I love reading articles like this. Seeing your thinking process, and what logistics went into which decisions makes it cool to see how you create the overall audience experience better! :)
Georgie
Thanks! :) I hope the text isn’t too light, I know it isn’t completely black either.
I know what you mean about the reader button – it can make the reading experience a lot cleaner. It can be a challenge to get your website looking user-friendly on mobile because at the same time you still want it to look really pretty!
I think it’s a good idea to write about design decisions. I find it fun to write and fun to share. :)
Liv
I definitely love this redesign and color scheme! I like how you reworked the theme instead of starting a new one – especially that you decided to brand it with teal and coral.

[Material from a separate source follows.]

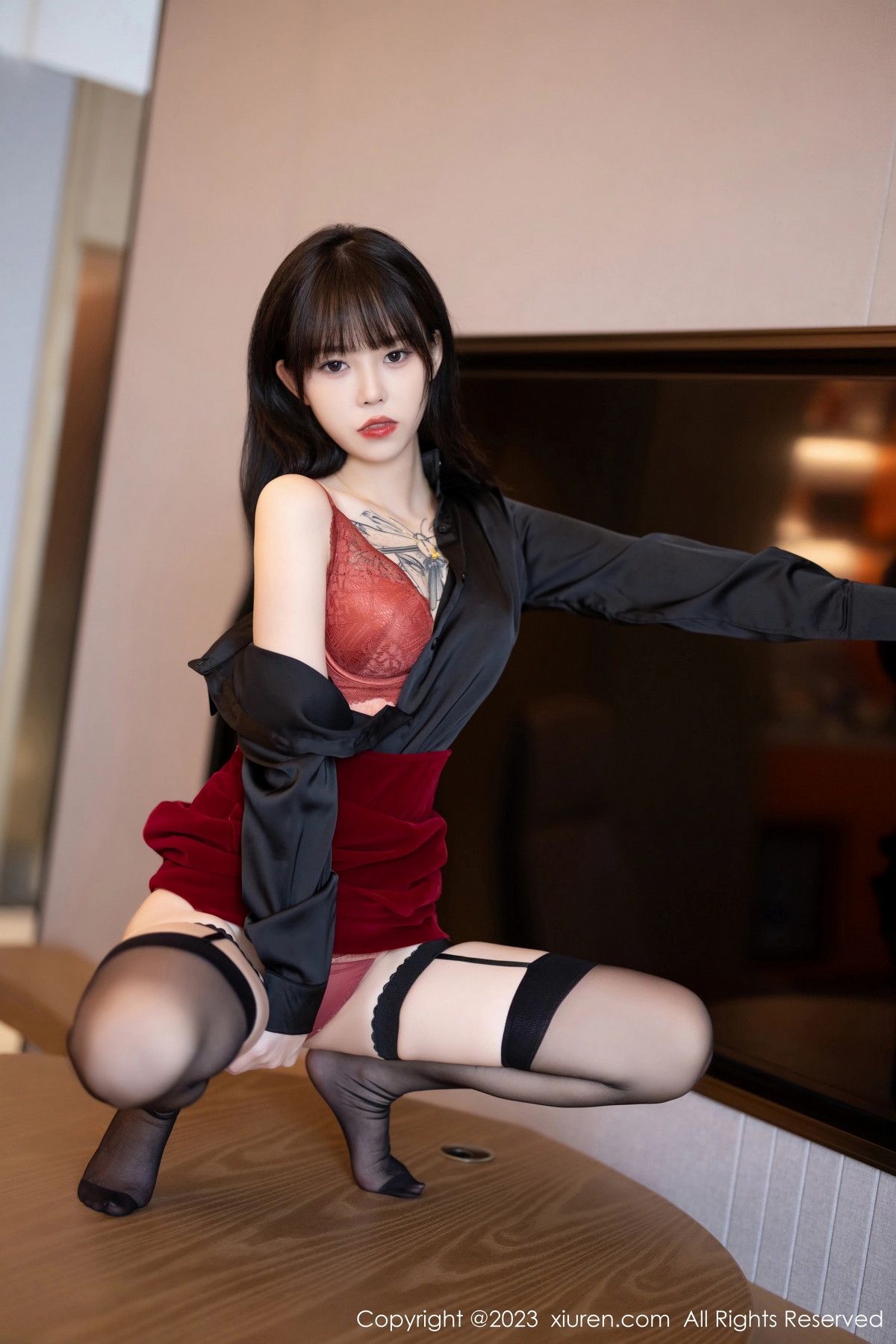 [XIAOYU]高清写真图 2023.07.05 VOL.1063 奶瓶. 黑丝美腿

Pink is one of my favorite colors but not really to use on the web (or wear as clothes, but ITEMS is a different story haha).

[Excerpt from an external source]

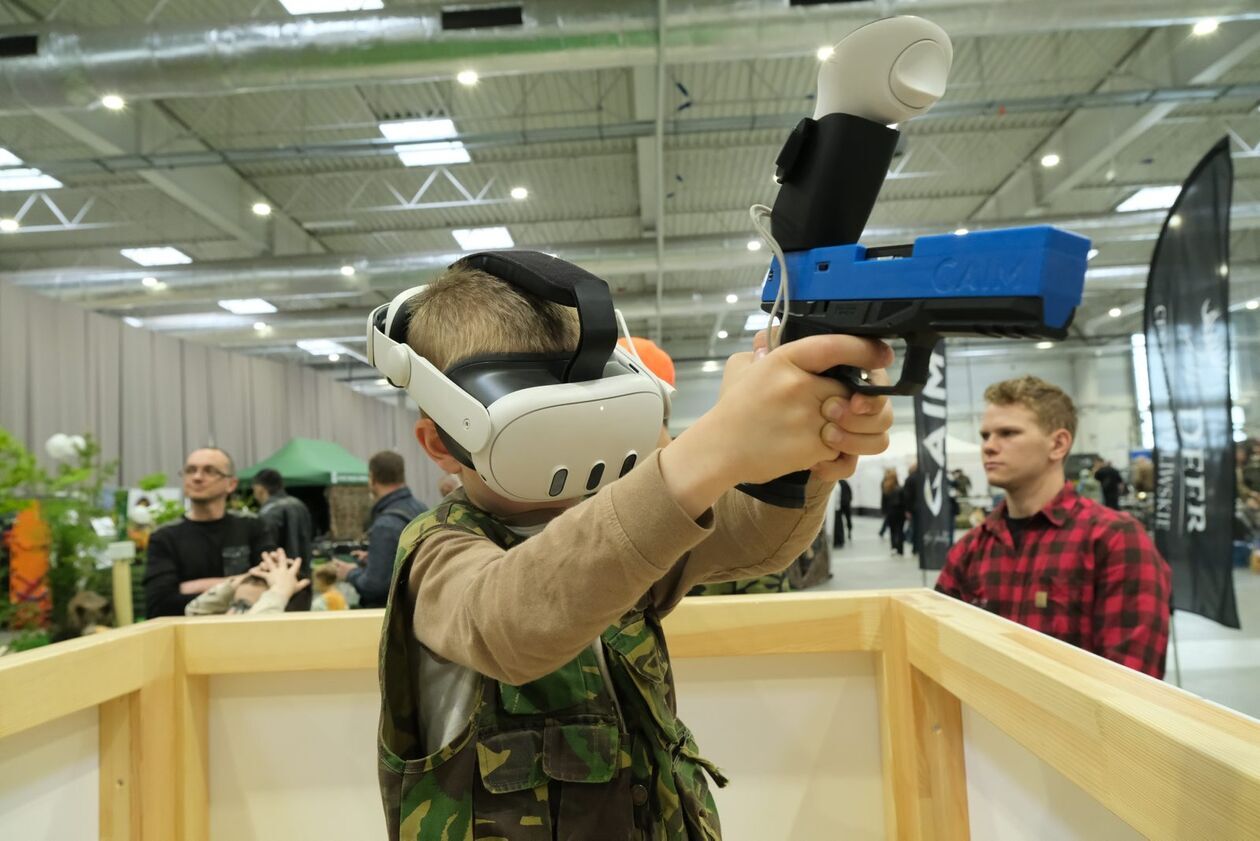  Zlot miłośników militariów w Targach Lublin (zdjęcie 29) - Autor: DW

The current theme on my blog is also a redesign of my previous one. It was nice to improve upon it, because too much pressure is put on making the “perfect” theme on the first go. It defeats the purpose of web design if we are not allowed to improve it!

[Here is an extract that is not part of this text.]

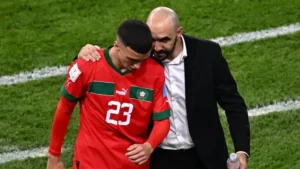 الخنوس يشكر الركراكي برسالة مؤثرة بعد رحيله عن المنتخب.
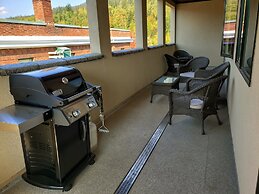 Alpenglow Penthouse by Revelstoke Vacations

Also I don’t think there’s anything wrong with not supporting IE8, so that’s great. A lot of people stress you could be losing 5% of your customers / readers … but they should be the ones updating their poor computers haha.
Georgie
I like pink things, but I have trouble liking pink clothes, haha.
I agree with that. It was a lot easier to tweak and improve my existing design instead of trying to make something completely new. After working in the industry I have realised that sometimes the best designs come about after a lot of testing and trial and error.
I suppose if I owned a huge website with a lot of revenue, it would make more sense to cater for those (poor) IE users! That aside, I wish Windows would force users to update something that old an incompetent, but that’s a different story.